▶ [WORK TASK]
Although the records contain pictures, repeat only the text of every line exactly.

▶ [EXERCISE MATERIALS]
—————
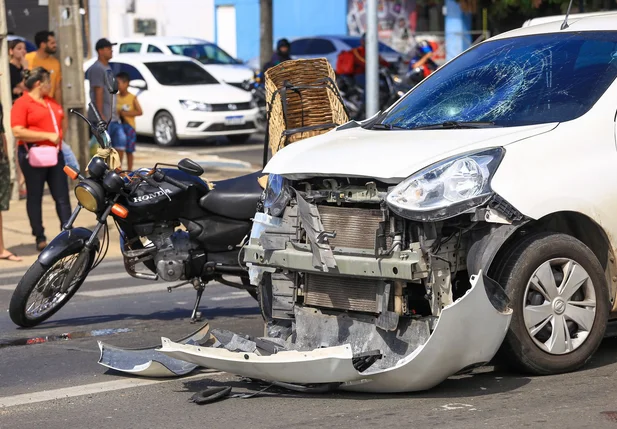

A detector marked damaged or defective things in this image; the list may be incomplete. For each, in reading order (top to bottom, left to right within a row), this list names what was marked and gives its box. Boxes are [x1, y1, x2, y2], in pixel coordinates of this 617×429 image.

cracked windshield [382, 31, 616, 129]
white damaged car [160, 16, 617, 392]
torn fender liner [97, 320, 211, 376]
crumpled metal panel [97, 320, 211, 376]
torn fender liner [158, 272, 510, 392]
crumpled metal panel [158, 272, 510, 392]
—————
▶ [EXPECTED OUTPUT]
A detector marked damaged or defective things in this image; the list may be incomplete. For each, in reading order (top to bottom, left to right within a row), this list names what was marked and gives its box. Boxes are [x1, y1, x2, y2], in pixel coordinates of this 617×429 image.

cracked windshield [382, 31, 616, 129]
white damaged car [160, 16, 617, 392]
torn fender liner [97, 320, 211, 376]
crumpled metal panel [97, 320, 211, 376]
torn fender liner [158, 272, 510, 392]
crumpled metal panel [158, 272, 510, 392]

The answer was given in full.